* **Records drawn from a dataset**
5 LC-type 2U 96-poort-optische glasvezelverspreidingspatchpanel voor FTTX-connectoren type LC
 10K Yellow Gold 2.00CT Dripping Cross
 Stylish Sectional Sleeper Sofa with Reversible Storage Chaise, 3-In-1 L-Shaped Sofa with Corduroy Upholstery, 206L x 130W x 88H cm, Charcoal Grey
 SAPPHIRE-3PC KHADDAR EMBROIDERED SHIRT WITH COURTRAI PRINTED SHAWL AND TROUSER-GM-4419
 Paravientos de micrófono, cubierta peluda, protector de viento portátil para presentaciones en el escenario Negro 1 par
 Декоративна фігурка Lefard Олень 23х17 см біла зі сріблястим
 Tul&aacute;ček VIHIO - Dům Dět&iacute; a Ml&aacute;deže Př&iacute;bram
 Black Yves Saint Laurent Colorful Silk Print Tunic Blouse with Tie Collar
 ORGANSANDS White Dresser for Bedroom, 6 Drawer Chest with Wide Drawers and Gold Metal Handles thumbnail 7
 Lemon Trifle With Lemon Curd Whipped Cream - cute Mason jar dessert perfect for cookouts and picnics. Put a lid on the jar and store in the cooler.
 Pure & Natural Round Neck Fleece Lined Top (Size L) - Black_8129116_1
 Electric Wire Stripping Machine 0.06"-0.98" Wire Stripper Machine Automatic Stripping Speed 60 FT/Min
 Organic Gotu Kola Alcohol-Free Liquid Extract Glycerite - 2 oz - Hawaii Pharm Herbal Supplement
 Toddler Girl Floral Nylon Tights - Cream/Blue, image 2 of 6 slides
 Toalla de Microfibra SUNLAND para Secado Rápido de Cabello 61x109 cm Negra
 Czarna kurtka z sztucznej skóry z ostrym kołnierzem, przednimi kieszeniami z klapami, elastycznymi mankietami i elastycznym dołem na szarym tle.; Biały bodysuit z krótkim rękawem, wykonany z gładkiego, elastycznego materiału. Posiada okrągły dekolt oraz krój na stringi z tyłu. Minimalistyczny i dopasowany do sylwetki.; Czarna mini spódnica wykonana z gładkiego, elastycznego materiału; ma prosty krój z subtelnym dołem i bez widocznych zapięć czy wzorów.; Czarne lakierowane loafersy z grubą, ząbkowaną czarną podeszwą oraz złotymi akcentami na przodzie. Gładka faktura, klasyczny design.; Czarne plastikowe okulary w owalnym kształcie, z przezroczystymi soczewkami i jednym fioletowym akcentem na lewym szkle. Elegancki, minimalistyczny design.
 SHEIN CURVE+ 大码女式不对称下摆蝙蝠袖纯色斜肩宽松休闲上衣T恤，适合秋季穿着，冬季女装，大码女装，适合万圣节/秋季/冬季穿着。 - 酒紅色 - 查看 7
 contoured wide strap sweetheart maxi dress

* **EXERCISE AIM**
Starting at the line with "Lemon Trifle With", restate each line through the end of the records, both ends included, and stop there.

* **EXERCISE RESULT**
 Lemon Trifle With Lemon Curd Whipped Cream - cute Mason jar dessert perfect for cookouts and picnics. Put a lid on the jar and store in the cooler.
 Pure & Natural Round Neck Fleece Lined Top (Size L) - Black_8129116_1
 Electric Wire Stripping Machine 0.06"-0.98" Wire Stripper Machine Automatic Stripping Speed 60 FT/Min
 Organic Gotu Kola Alcohol-Free Liquid Extract Glycerite - 2 oz - Hawaii Pharm Herbal Supplement
 Toddler Girl Floral Nylon Tights - Cream/Blue, image 2 of 6 slides
 Toalla de Microfibra SUNLAND para Secado Rápido de Cabello 61x109 cm Negra
 Czarna kurtka z sztucznej skóry z ostrym kołnierzem, przednimi kieszeniami z klapami, elastycznymi mankietami i elastycznym dołem na szarym tle.; Biały bodysuit z krótkim rękawem, wykonany z gładkiego, elastycznego materiału. Posiada okrągły dekolt oraz krój na stringi z tyłu. Minimalistyczny i dopasowany do sylwetki.; Czarna mini spódnica wykonana z gładkiego, elastycznego materiału; ma prosty krój z subtelnym dołem i bez widocznych zapięć czy wzorów.; Czarne lakierowane loafersy z grubą, ząbkowaną czarną podeszwą oraz złotymi akcentami na przodzie. Gładka faktura, klasyczny design.; Czarne plastikowe okulary w owalnym kształcie, z przezroczystymi soczewkami i jednym fioletowym akcentem na lewym szkle. Elegancki, minimalistyczny design.
 SHEIN CURVE+ 大码女式不对称下摆蝙蝠袖纯色斜肩宽松休闲上衣T恤，适合秋季穿着，冬季女装，大码女装，适合万圣节/秋季/冬季穿着。 - 酒紅色 - 查看 7
 contoured wide strap sweetheart maxi dress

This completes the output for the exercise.